The significance of his family's heritage, allied as it was to that of Sweden's royal house, the tradition of a nobility whose independence had wide parameters politically, a civil service which encouraged and cultivated initiative and the independence of ideas, and a society which admired and sought the opinions of its intellectuals, culminated in Morner's cultural baggage being packed with paradigms many Australians felt were at the very least misguided, if not decidedly offensive.
The public debate which ensued from mid 1909 until Morner was recalled by the Swedish Foreign Ministry in August 1910, initially took place between the consul, the Minister for Customs and former Prime Minister, Alfred Deakin and the New South Wales Premier, Charles Wade. However it was confined to these three for a very short time, as the airing in the national press (especially along the eastern seaboard), of claim and counter-claim, readily captured the attention of the reading public. Discussion ensued regarding not only Australian migration policy per se, but what that country offered migrants, and what kind were actually deemed 'appropriate'. Letters to the Editor sections in the national press, and the fortnightly publication for Scandinavian expatriates, Norden, contained a diverse array of strongly worded opinions ranging from relatively new arrivals, those who had become naturalized Australian citizens, those born in Australia and a minority who wished they had never arrived (21). It is interesting to note that amongst the many comments expressed by Swedes in Norden, the majority, whilst recognizing Morner's integrity as a patriot and member of the Swedish nobility, argued that their lives although not necessarily easy in Australia, still exhibited a marked improvement from that experienced in their former homeland. Many were at pains to declare both enduring affection for the 'mother country', and their loyalty and gratitude to their new home (22). Examples were continually presented of the 'newness' of Australia: its great potential for expansion, not simply in a commercial sense, but in a political and social sense also. For many migrants, not Swedes alone, it was this very newness which was exciting and gave them the courage to venture such a distance to try their luck in a country the majority of them actually knew so little about.

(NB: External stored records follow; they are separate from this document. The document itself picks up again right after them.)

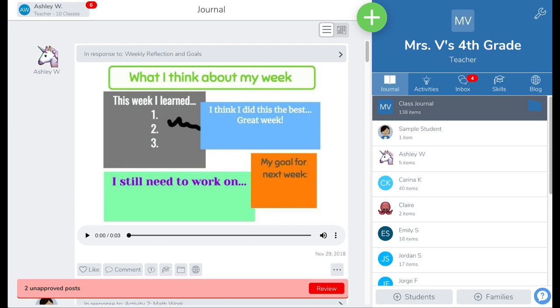To review and approve student responses to activities, first log into your Seesaw account as a teacher.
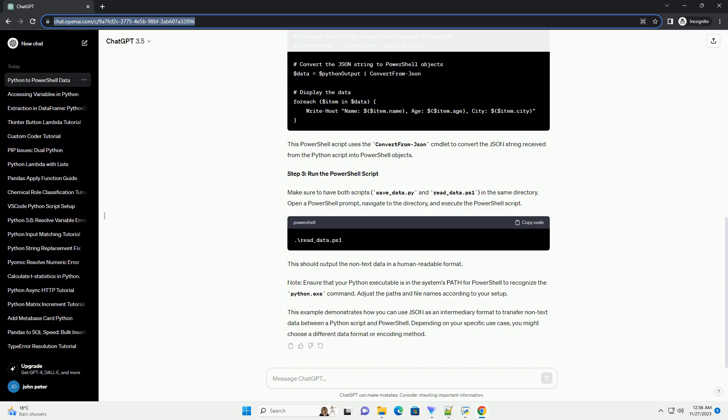This should output the non-text data in a human readable format. Note, ensure that your Python executable is in the system's path for PowerShell to recognize the python dot exe command. Adjust the paths and file names according to your setup.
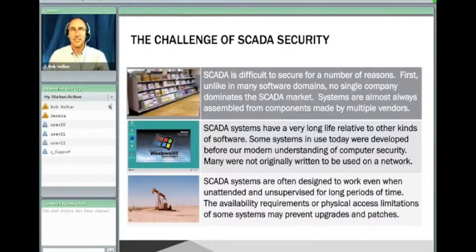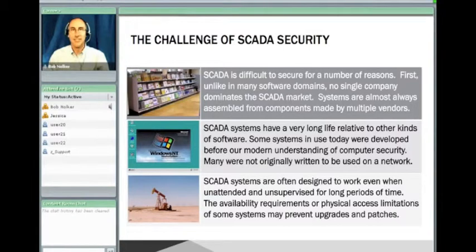Our learning focus is on the why of the threat as well. Students will learn the history and root causes of a security vulnerability, not just the possible consequences. This foundational knowledge is essential as risks change rapidly and students will need to adapt their knowledge to situations they encounter in the real world.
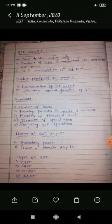Next, the functions of the GST Council. The first function is fixation of taxes — fixation of taxes, cess and surcharges levied by the central or state and local bodies which are subsumed in GST.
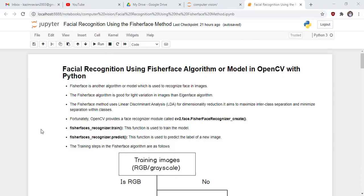Welcome to another lecture of Master Computer Vision in OpenCV with Python. In this lecture we will learn facial recognition using the FisherFace algorithm in OpenCV. FisherFace is another algorithm used to recognize faces in images, and it is good for handling light variation in images compared to the EigenFace algorithm.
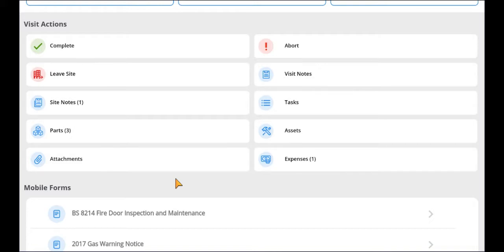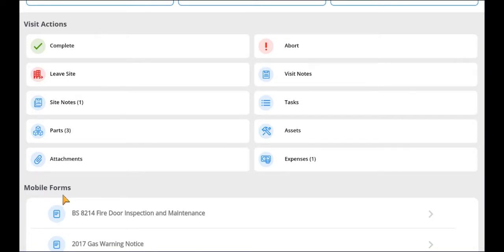There are two places a form can be found on a job: in the mobile form section under the visit actions section of the job, or under an asset if the form is asset based.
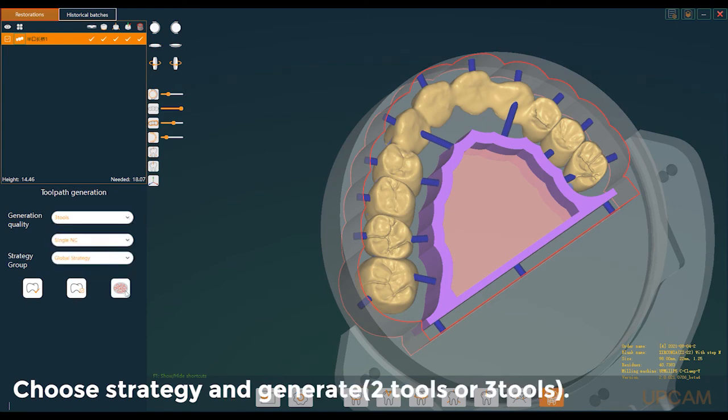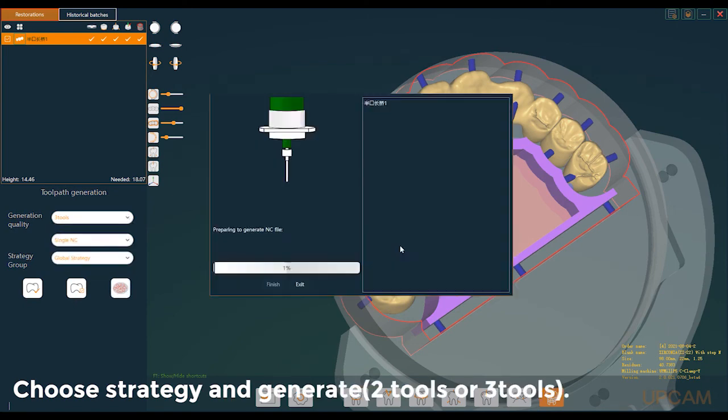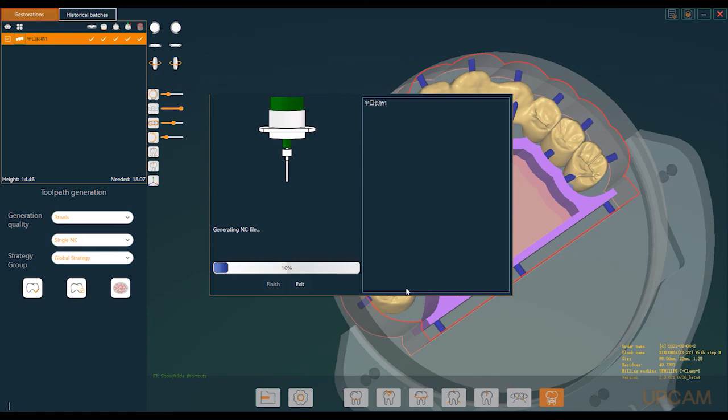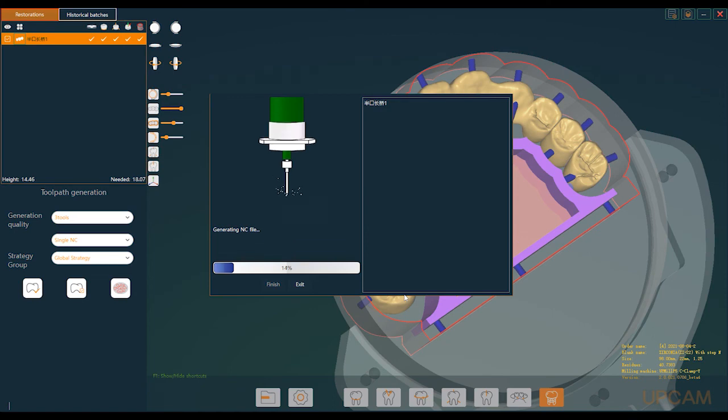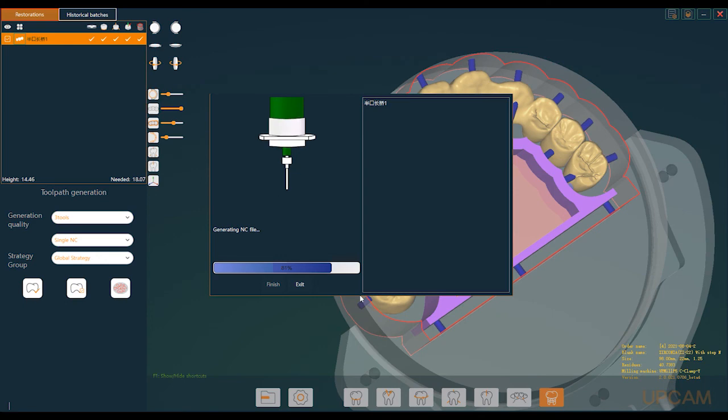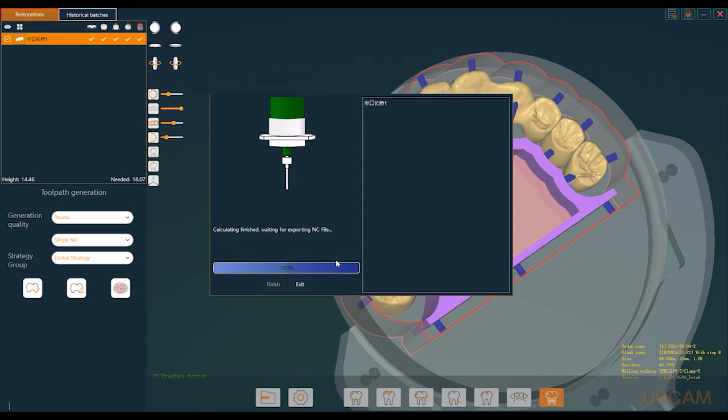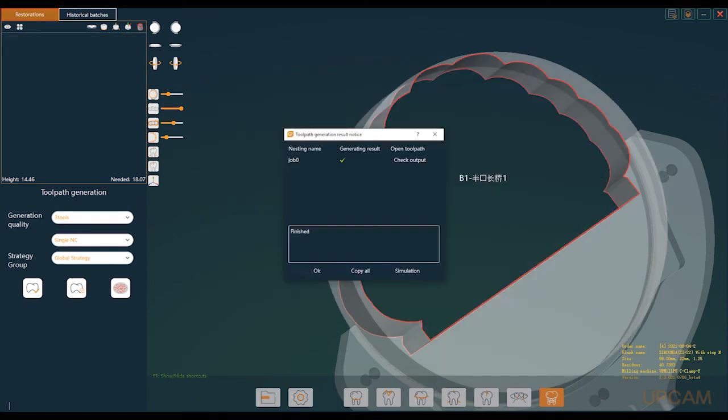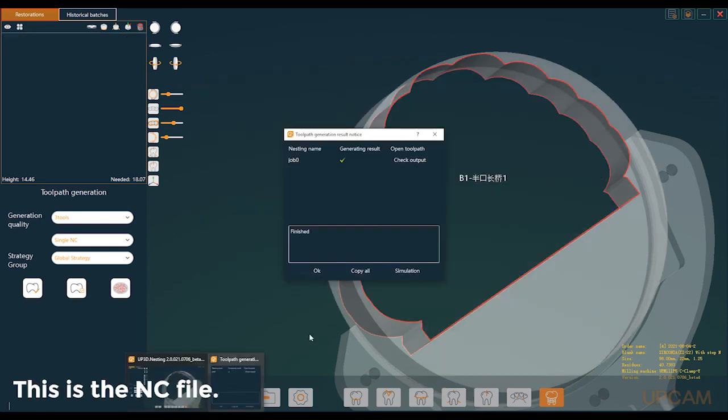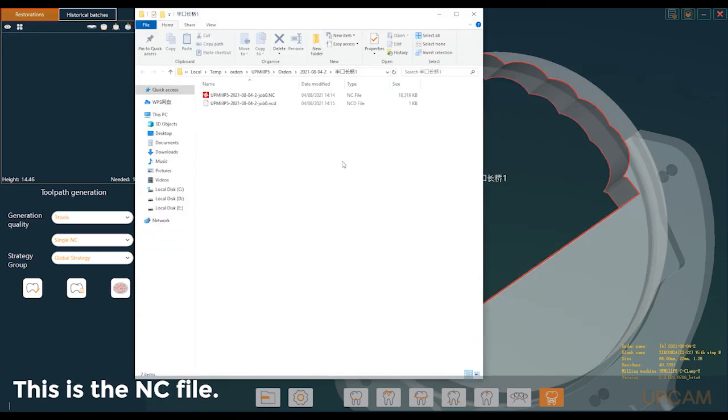Choose strategy and generate. This is the NC file.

Interestingly, it was the potentiality of Australia's newness and what it offered migrants that Morner failed to perceive when he surveyed the Australian political and social landscape. The seasoned traveller and adventurer failed to recognize one of the most salient features Australia had to offer a migrant was the romance of frontier: something Morner himself constantly craved. In addition, he failed to see the allure of new beginnings in a society which proudly proclaimed itself unfettered by the social constraints of 'old Europe'. Morner also missed the attraction of a dynamic economy and the potential that existed for hardworking and astute migrants to either begin new ventures for themselves, or have regular employment and perhaps move up the ladder. In placing the debate of Swedish migration to Australia firmly in the public domain and arguing forcefully against it, Morner made response irresistible, and unintentionally compelled a number of Australians to address his argument and why, to many, it simply did not have validity. It is apparent from the tone of correspondence from expatriate Scandinavians in the Letters to the Editors columns in the national press, that they were loath to enter into disputation with Morner in light of his status. However it is significant that a number felt his opinions regarding Australia were skewed to such an extent that they felt compelled to make comment. Certainly there were some correspondents who agreed with Morner, but these were in the minority of writers, although it must be recognized that the number of those disaffected Scandinavians for whom Australia had not fulfilled their expectations but were unable to return home, either through financial or other constraints, and who did not venture their opinions in the Australian press, must also be taken into consideration in this context.